→ **SUPPLIED MATERIAL**:

◆ ◆ ◆ ◆

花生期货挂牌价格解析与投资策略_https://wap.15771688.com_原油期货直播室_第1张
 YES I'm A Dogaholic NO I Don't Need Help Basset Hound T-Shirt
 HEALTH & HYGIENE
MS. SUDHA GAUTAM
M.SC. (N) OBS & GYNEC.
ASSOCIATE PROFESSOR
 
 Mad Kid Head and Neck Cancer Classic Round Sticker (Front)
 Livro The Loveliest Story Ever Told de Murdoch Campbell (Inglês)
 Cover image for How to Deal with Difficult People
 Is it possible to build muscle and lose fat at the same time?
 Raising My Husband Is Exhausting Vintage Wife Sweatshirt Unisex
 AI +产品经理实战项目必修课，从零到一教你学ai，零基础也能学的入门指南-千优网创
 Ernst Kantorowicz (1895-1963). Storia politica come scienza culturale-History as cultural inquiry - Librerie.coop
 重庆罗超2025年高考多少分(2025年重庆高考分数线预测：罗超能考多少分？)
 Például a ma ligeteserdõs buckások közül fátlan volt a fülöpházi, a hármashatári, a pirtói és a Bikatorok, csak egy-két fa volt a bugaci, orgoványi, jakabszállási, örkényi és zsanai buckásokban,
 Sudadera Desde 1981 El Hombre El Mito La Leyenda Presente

◆ ◆ ◆ ◆

→ **TASK DIRECTIONS**:
Once the line with "Is it possible" is found in the records above, print exactly that line and every line after it through the line with "AI +产品经理实战项目必修".

→ **OUTPUT**:
 Is it possible to build muscle and lose fat at the same time?
 Raising My Husband Is Exhausting Vintage Wife Sweatshirt Unisex
 AI +产品经理实战项目必修课，从零到一教你学ai，零基础也能学的入门指南-千优网创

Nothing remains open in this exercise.